Re: [PATCH v5] virtio/vsock: replace virtio_vsock_pkt with sk_buff

From: Paolo Abeni
Date: Tue Dec 06 2022 - 05:21:27 EST


Hello,

On Fri, 2022-12-02 at 09:35 -0800, Bobby Eshleman wrote:
[...]
> diff --git a/include/linux/virtio_vsock.h b/include/linux/virtio_vsock.h
> index 35d7eedb5e8e..6c0b2d4da3fe 100644
> --- a/include/linux/virtio_vsock.h
> +++ b/include/linux/virtio_vsock.h
> @@ -3,10 +3,129 @@
> #define _LINUX_VIRTIO_VSOCK_H
>
> #include <uapi/linux/virtio_vsock.h>
> +#include <linux/bits.h>
> #include <linux/socket.h>
> #include <net/sock.h>
> #include <net/af_vsock.h>
>
> +#define VIRTIO_VSOCK_SKB_HEADROOM (sizeof(struct virtio_vsock_hdr))
> +
> +enum virtio_vsock_skb_flags {
> + VIRTIO_VSOCK_SKB_FLAGS_REPLY = BIT(0),
> + VIRTIO_VSOCK_SKB_FLAGS_TAP_DELIVERED = BIT(1),
> +};
> +
> +static inline struct virtio_vsock_hdr *virtio_vsock_hdr(struct sk_buff *skb)
> +{
> + return (struct virtio_vsock_hdr *)skb->head;
> +}
> +
> +static inline bool virtio_vsock_skb_reply(struct sk_buff *skb)
> +{
> + return skb->_skb_refdst & VIRTIO_VSOCK_SKB_FLAGS_REPLY;
> +}

I'm sorry for the late feedback.
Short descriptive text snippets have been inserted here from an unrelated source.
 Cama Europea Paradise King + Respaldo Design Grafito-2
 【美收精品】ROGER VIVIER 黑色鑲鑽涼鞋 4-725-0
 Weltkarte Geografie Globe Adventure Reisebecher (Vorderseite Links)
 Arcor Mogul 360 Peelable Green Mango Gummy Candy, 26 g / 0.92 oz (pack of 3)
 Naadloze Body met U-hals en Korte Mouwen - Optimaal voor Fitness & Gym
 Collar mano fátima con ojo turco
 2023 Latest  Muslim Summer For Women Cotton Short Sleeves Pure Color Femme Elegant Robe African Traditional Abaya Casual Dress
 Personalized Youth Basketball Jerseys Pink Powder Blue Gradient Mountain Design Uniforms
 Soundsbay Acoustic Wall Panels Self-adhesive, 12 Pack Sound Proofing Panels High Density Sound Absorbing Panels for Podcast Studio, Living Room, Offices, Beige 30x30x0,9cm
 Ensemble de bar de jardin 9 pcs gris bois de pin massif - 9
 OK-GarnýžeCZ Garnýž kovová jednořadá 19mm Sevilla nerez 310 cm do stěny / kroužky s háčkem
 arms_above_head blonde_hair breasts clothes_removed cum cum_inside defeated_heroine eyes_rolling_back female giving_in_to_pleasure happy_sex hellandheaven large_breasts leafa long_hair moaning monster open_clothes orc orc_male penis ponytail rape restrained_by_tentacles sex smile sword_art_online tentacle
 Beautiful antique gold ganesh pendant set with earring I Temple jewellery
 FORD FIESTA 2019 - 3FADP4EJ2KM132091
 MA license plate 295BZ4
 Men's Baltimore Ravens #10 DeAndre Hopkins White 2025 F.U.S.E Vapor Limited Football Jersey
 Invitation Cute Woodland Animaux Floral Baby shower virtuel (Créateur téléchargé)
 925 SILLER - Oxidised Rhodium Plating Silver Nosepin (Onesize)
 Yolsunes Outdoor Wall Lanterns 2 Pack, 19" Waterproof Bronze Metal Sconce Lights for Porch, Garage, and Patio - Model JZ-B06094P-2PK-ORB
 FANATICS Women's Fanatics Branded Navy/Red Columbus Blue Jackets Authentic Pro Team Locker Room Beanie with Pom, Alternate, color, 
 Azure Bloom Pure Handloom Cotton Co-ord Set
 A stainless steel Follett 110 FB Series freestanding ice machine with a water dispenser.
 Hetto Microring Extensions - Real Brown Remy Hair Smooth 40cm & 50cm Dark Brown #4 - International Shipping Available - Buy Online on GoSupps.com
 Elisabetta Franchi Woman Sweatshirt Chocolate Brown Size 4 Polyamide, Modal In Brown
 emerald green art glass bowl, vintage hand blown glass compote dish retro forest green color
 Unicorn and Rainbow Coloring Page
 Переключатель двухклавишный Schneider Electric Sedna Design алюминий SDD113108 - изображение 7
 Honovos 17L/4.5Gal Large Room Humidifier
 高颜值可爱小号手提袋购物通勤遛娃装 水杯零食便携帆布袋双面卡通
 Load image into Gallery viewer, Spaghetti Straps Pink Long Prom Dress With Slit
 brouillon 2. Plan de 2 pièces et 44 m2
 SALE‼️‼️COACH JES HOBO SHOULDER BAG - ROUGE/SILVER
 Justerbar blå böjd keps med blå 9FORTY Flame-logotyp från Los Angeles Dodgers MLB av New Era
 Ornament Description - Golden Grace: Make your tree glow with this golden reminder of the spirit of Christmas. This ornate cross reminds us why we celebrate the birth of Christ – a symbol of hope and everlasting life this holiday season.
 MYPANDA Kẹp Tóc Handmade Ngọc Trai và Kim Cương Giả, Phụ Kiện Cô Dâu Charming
The above is extremelly risky: if the
skb will land later into the networking stack, we could experience the
most difficult to track bugs.

You should use the skb control buffer instead (skb->cb), with the
additional benefit you could use e.g. bool - the compiler could emit
better code to manipulate such fields - and you will not need to clear
the field before release nor enqueue.

[...]

> @@ -352,37 +360,38 @@ virtio_transport_stream_do_dequeue(struct vsock_sock *vsk,
> size_t len)
> {
> struct virtio_vsock_sock *vvs = vsk->trans;
> - struct virtio_vsock_pkt *pkt;
> size_t bytes, total = 0;
> - u32 free_space;
> + struct sk_buff *skb;
> int err = -EFAULT;
> + u32 free_space;
>
> spin_lock_bh(&vvs->rx_lock);
> - while (total < len && !list_empty(&vvs->rx_queue)) {
> - pkt = list_first_entry(&vvs->rx_queue,
> - struct virtio_vsock_pkt, list);
> + while (total < len && !skb_queue_empty_lockless(&vvs->rx_queue)) {
> + skb = __skb_dequeue(&vvs->rx_queue);

Here the locking schema is confusing. It looks like vvs->rx_queue is
under vvs->rx_lock protection, so the above should be skb_queue_empty()
instead of the lockless variant.

[...]

> @@ -858,16 +873,11 @@ static int virtio_transport_reset_no_sock(const struct virtio_transport *t,
> static void virtio_transport_remove_sock(struct vsock_sock *vsk)
> {
> struct virtio_vsock_sock *vvs = vsk->trans;
> - struct virtio_vsock_pkt *pkt, *tmp;
>
> /* We don't need to take rx_lock, as the socket is closing and we are
> * removing it.
> */
> - list_for_each_entry_safe(pkt, tmp, &vvs->rx_queue, list) {
> - list_del(&pkt->list);
> - virtio_transport_free_pkt(pkt);
> - }
> -
> + virtio_vsock_skb_queue_purge(&vvs->rx_queue);

Still assuming rx_queue is under the rx_lock, given you don't need the
locking here as per the above comment, you should use the lockless
purge variant.

Thanks!

Paolo